Whose Environment are We Fighting For? — Why the Environmental Movement Frightens Me as an Animal Ally
First off, I want to make it clear. I support the environmental movement. Our world is facing a man-made*** climate catastrophe which is, quite literally, threatening the future of life on earth. A mass movement is absolutely essential in order to challenge the profit-driven motives of large corporations who have created a situation where extinction is a very real possibility for almost all species on earth, humans included. This IS an emergency and, like many people I know, I want to do everything that I can to preserve the future of this earth and the individuals who live on it. However, after being involved in environmental spaces for the past year, I’ve come to the disconcerting realisation that the environmental movement, which I so desperately want to believe in, scares the shit out of me. The reason?
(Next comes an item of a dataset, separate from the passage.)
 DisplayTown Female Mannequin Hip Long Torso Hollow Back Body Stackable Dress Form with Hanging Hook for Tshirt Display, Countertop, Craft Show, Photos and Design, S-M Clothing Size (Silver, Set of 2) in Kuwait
Because I fail to see how, in its current incarnation, it can ever fully co-exist with anti-speciesism.
Let me take a step back. First and foremost, I strive to be an ally to the marginalised and oppressed species who share this earth with us, particularly those who are exploited for food, cosmetics, clothing and other human uses. While I consider all social justice causes as being equally deserving of attention and I strive at all times to embrace consistent anti-oppression in my life, decision-making and activism, I believe that, as allies and activists, we often choose to align ourselves with a movement that we feel a particular affinity with. For me that’s anti-speciesism and, for this reason, the interests of exploited species are often at the forefront of my mind, regardless of what spaces I’m in. Given this, when I first entered into environmental activist spaces, it didn’t take long for me to become uneasy.
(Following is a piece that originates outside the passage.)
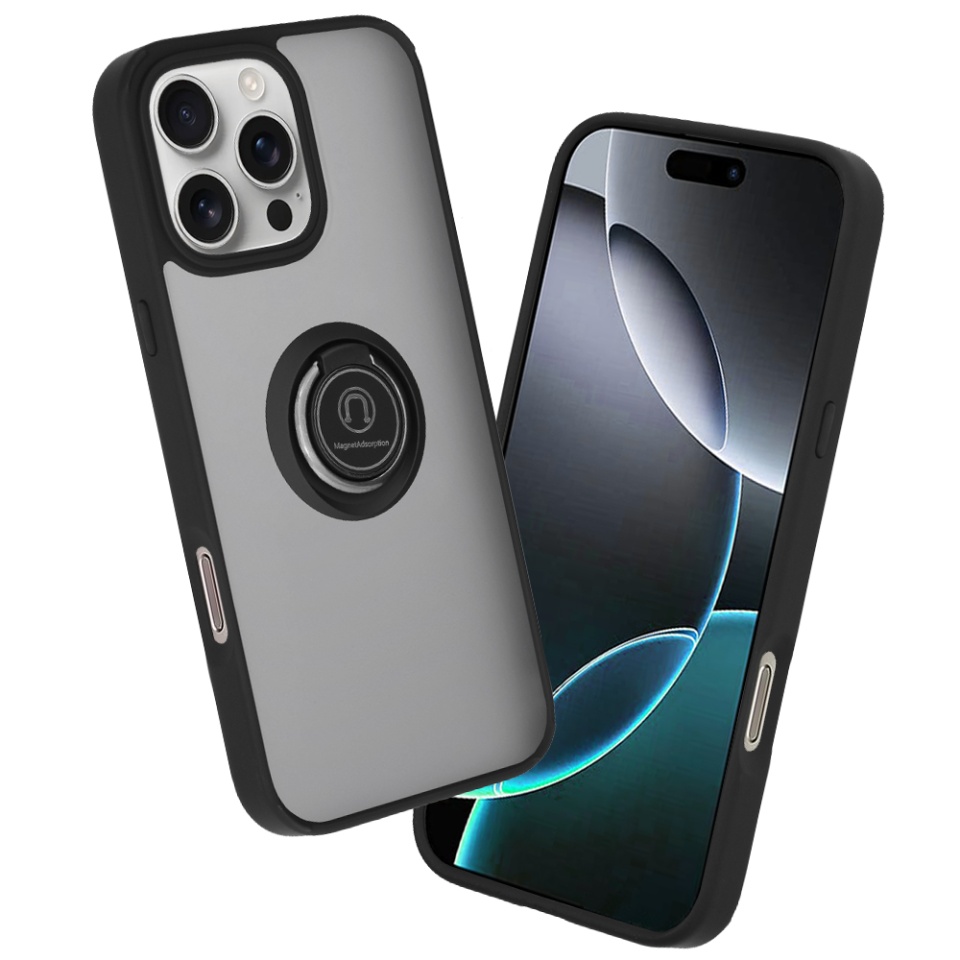 Husa pentru iPhone 16 Pro, SKYDDAR INNOVATION, Glinth cu Inel Rotativ 360° Magnetic, Negru, set cu sticker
For starters, although the link between animal agriculture and climate damage is undeniable and climate activists very often preach love and compassion towards all life, I frequently observed animal’s products and, occasionally even their bodies, consumed in these spaces. If the topic arose, I often observed a shift back to the ‘personal choice’ narrative activists in almost all movements are confronted with, and a defensiveness that sometimes bordered on hostility. ‘We’re doing enough,’ people’s actions and words seemed to say. ‘Surely we don’t have to give up our wine and cheese nights and milk chocolate as well!’
While in my experience this kind of attitude is mainly found within the large scale, non-profit environmental sector, grassroots groups, while generally more politically progressive and diverse on a number of fronts, also seem to frequently throw animals under the bus. In these spaces this is more likely to take the form of ‘freeganism,’ where non-vegan environmentalists justify that it’s ethical to eat anything (or anyone) as long as you didn’t financially contribute to its production. Under this moral code, ‘freegans’ will eat animal flesh and products if they are obtained without a financial transaction taking place, whether that be through dumpster diving, leftover ‘rescued food’ or sometimes even roadkill. Inevitably, the conversation becomes about how eating this way is ethical because it doesn’t financially contribute to environmentally unsustainable industries and it’s often paired with a, 100% just, criticism of capitalism and consumerism.
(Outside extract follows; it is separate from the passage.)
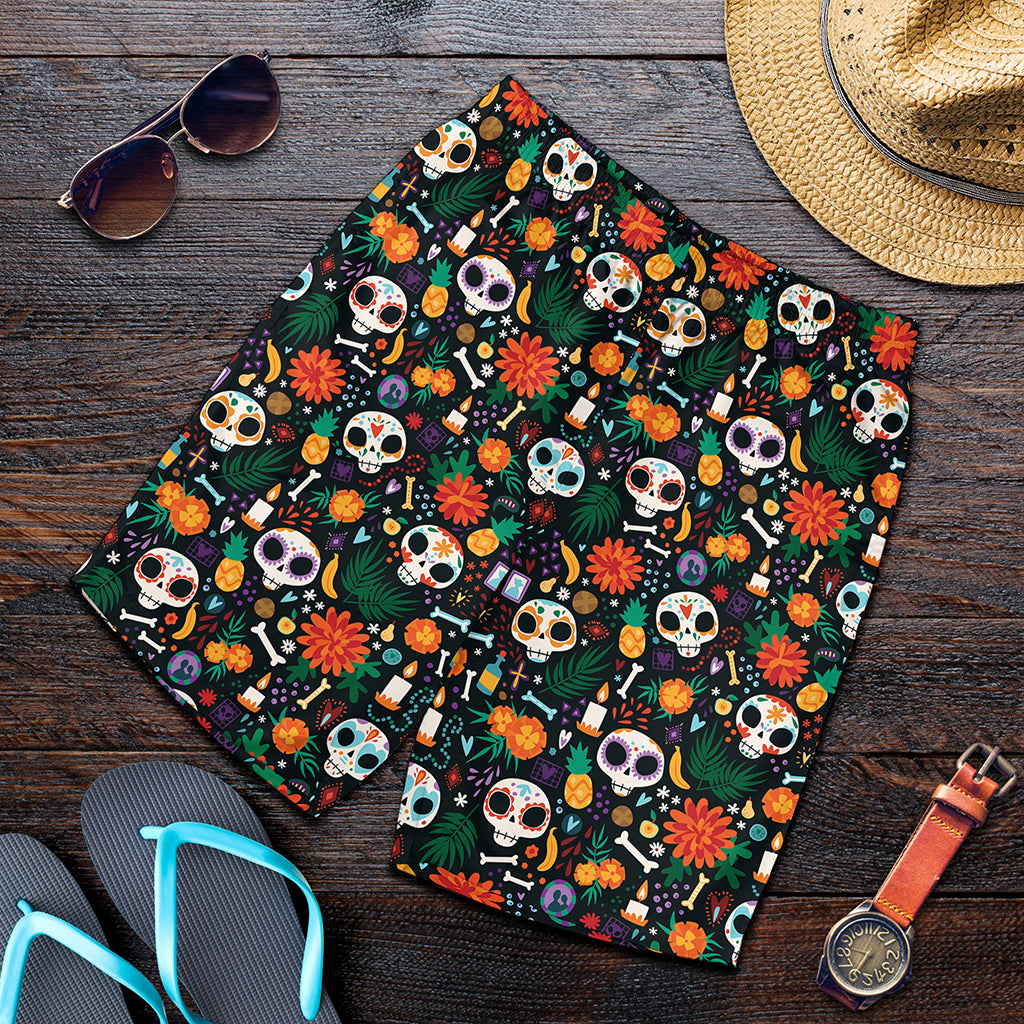 Dia De Los Muertos Day Of The Dead Print Men's Shorts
While these arguments are justified to a certain extent, what it demonstrates to me is that, regardless of what is or is not being eaten, animals other than humans are still considered as bodies and products who are not, and will never be, equal to humans or considered as active participants in their own resistance. I think a good way of highlighting the speciesism of this way of thinking is to question people on whether they would eat ‘free’ flesh if it belonged to a dog, a cat or a human. I think that in almost all cases the answer would be no. In an anti-speciesist movement, the consumption or use of animals is never morally justifiable, merely morally excusable in cases of desperation or necessity. In mainstream environmental movements however, animals are too often seen as passive victims or products whose lives remain dictated by human taste, choice and convenience.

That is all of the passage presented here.